I’ve been depressed lately. Not always, not in a ‘can’t get out of bed, can’t eat, can’t sleep, can’t act kind of a way’. Not even in a ‘can’t enjoy my life’ kind of way. Quite the contrary in fact. I’ve actually spent the last few weeks engaged in wonderfully fulfilling and enriching moments with some of my best friends. I’ve laughed, loved, eaten good food, exercised my body - what more than that is there to the good life?
Yet still, under all this knowledge that I should be happy there still dwells a creature, a feeling, a lugubrious ooze at the pit of me that I can’t seem to scrape off with any amount of recreation or laughter.
I blame the US election.

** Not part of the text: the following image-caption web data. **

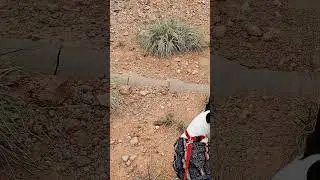 You can walk the 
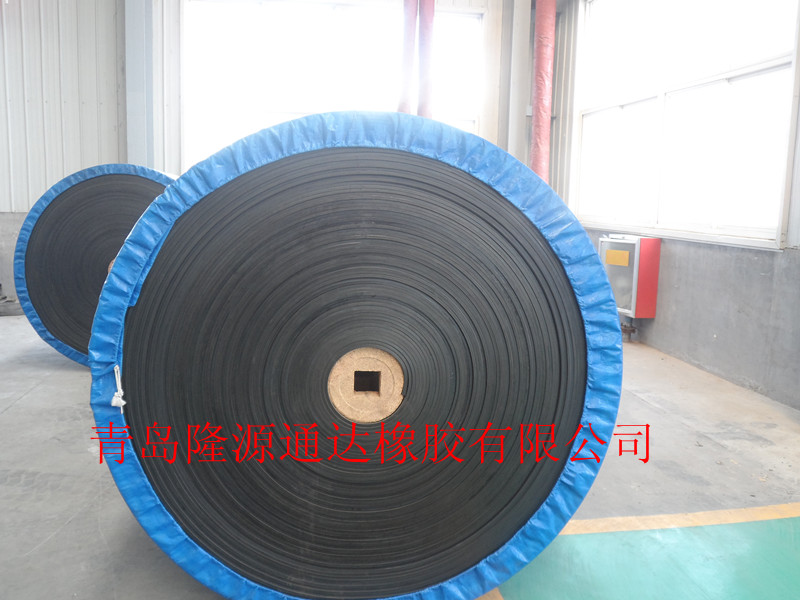 隆源通達高品質(zhì)耐酸堿輸送帶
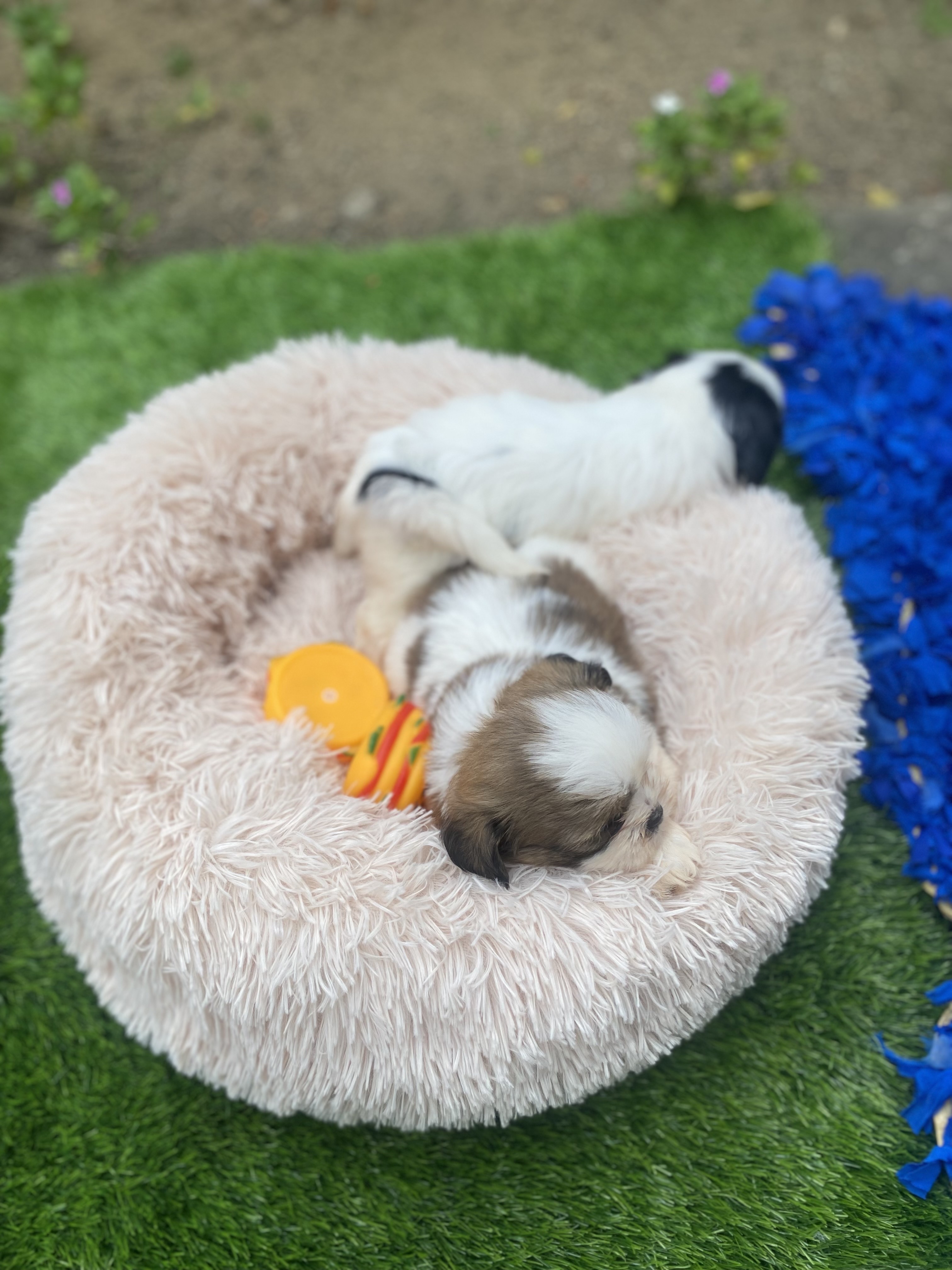 animales y mascotas - shipoo 3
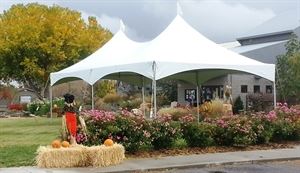 Grand Events & Party Rentals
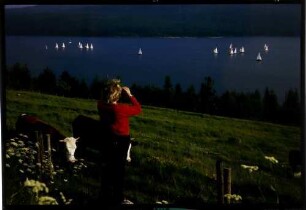 Schluchsee: Segelregatta auf dem Schluchsee, Vordergrund Frau in rot und Kühe
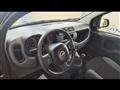 FIAT PANDA 1.0 firefly hybrid 70cv 5 posti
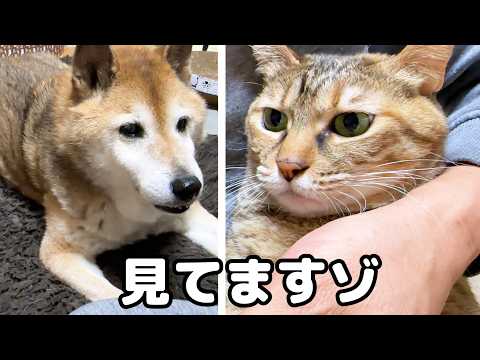 猫たちの爪切りが始まると人間の親のように心配する柴犬パパ(YouTube)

So I guess that’s something we have in common. If you’re feeling the same way. Which I presume you are if you’re reading this. Or at least I’d hope so - not full soul-drenched moroseness obviously, but this cavity, this sense. This feeling.
Something just broke.
I can always tell when my mental health’s taken a nosedive, because that’s when I find myself neck-deep in musical theatre; albums, trailers, YouTube essays, you name a medium I guarantee you it's been engaged with. Throughout this particular emotional deluge, I’ve gravitated towards one show in particular: Assassins by Stephen Sondheim and John Weidman. First performed off-Broadway in 1990, this show’s cast consists of an ensemble, two fictitious semi-narrators, and nine historical figures. Among those nine are included an 1800’s stage actor, a Nihilist suffering from stomach cramps, a member of the Manson family, an Anarchist millworker, and a modern-day Youtuber who once had a paedophilic obsession with Jodie Foster’s character in Taxi Driver. The thing that binds them?
All these people tried or succeeded in assassinating the President of the United States.
‘What a completely random topic to write about in your blog post, Char’, I hear you say. ‘Whysoever would such an unsavoury subject be relevant this month?’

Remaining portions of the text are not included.